● INSTRUCTIONS FOR THE TASK: Would you transcribe the records below from the line with "35Pcs Natural Shell" to the line with "Kind van God", ends included, exactly and with nothing more, leaving the pictures out?

===== INFORMATION SHOWN

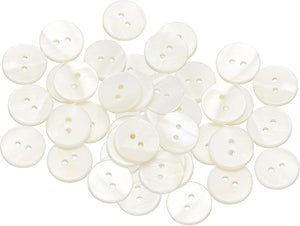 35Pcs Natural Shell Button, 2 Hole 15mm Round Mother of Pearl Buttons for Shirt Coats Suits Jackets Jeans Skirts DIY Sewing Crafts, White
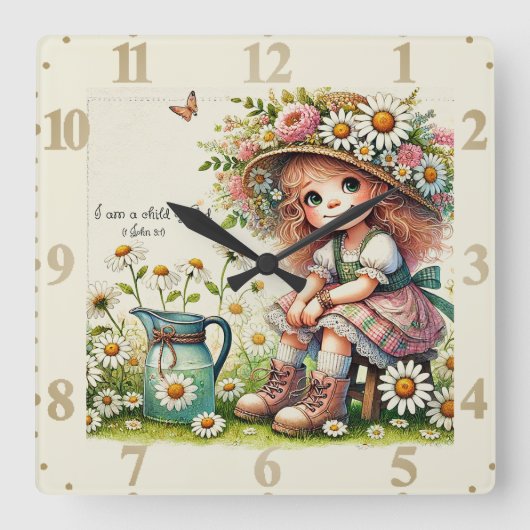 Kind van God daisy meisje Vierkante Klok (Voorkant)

==========
===== INFORMATION SHOWN

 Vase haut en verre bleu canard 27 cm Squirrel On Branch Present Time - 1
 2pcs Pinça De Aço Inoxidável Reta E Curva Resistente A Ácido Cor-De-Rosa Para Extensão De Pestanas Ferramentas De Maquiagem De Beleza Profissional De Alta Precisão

==========

● RESULT:
 35Pcs Natural Shell Button, 2 Hole 15mm Round Mother of Pearl Buttons for Shirt Coats Suits Jackets Jeans Skirts DIY Sewing Crafts, White
 Kind van God daisy meisje Vierkante Klok (Voorkant)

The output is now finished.